0, 1, 0, 1, 2, 3, 4, 3, 2, 3, 2, 1, 0

and in general this sequence increases to somewhere around n/2 and then decreases. Flajolet and sedgewick says that Louchard proved this, but I haven't looked at that paper. What surprised me, when I saw this problem, is that the profile actually looks something like a parabola, as you can see from the simulations at the top of p. 311 in Flajolet and sedgewick. Louchard proved that the profile "conforms asymptotically to a deterministic parabola 2nx(1-x)... to which are superimposed random fluctuations of O(√n)". So, for example, in such a network with one thousand nodes (n = 500), the profile goes as high as 250 (when x = 1/2) before going back down to zero.

Why should this be?

Imagine that you're putting together a random interconnection network. The profile sequence clearly has the property that each member ak is one more or one less than the last one. It'll be one more if k is the first member of one of the pairs, and one less if it's the second member. What's the probability that k is the first (i. e. smaller) member of its pair? If k is small, it'll be large; if k is near 2n then it'll be small. In fact, if we know k is a member of some pair, the other member of the pair is equally likely to be any integer from 1 to 2n except k; thus the probability that k is the smaller member of its pair is approximately 1 - k/2n, and the probability that it's the larger member is approximately k/2n.

Thus ak = ak-1 + 1 with probability 1 - k/2n, and ak = ak-1 - 1 the rest of the time. The expected value of ak - ak-1 is approximately (1-k/2n) - (k/2n), or 1-k/n. So, for example, one-fourth of the way through the process, when k = n/2, we expect ak to increase by about one-half each time we increase k by one.

Integrating with respect to n, we get

at ≈ ∫0t (1-k/n) dk = t - t2/2n

which is just a rescaling of Louchard's parabola. Flajolet and sedgewick's book is full of examples of things like this, where some apparently random structure turns out to have a lot of order when you "zoom out".

Anonymous said...

I believe you contradicted yourself in this paragraph (probably just a simple typo):

"What's the probability that k is the first member of its pair? If k is small, it'll be small; if k is near 2n then it'll be large. In fact, if we know k is a member of some pair, the other member of the pair is equally likely to be any integer from 1 to 2n except k; thus the probability that k is the smaller member of its pair is approximately 1 - k/2n, and the probability that it's the larger member is approximately k/2n."
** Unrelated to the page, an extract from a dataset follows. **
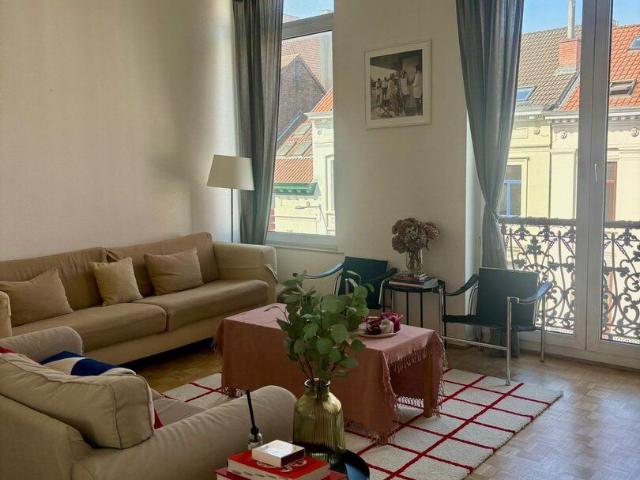 Duplex with terrace and communal garden Châtelain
Assuming that the numbers are in the ordinary order, the smaller member of each pair is also the first member of each pair, correct? In that case, the probability that k is the first member of its pair is large if k is small, and small if k is large. You wrote the opposite, but then in your detailed explanation you reversed yourself

Isabel said...

anonymous,

You're right. I'm editing the post.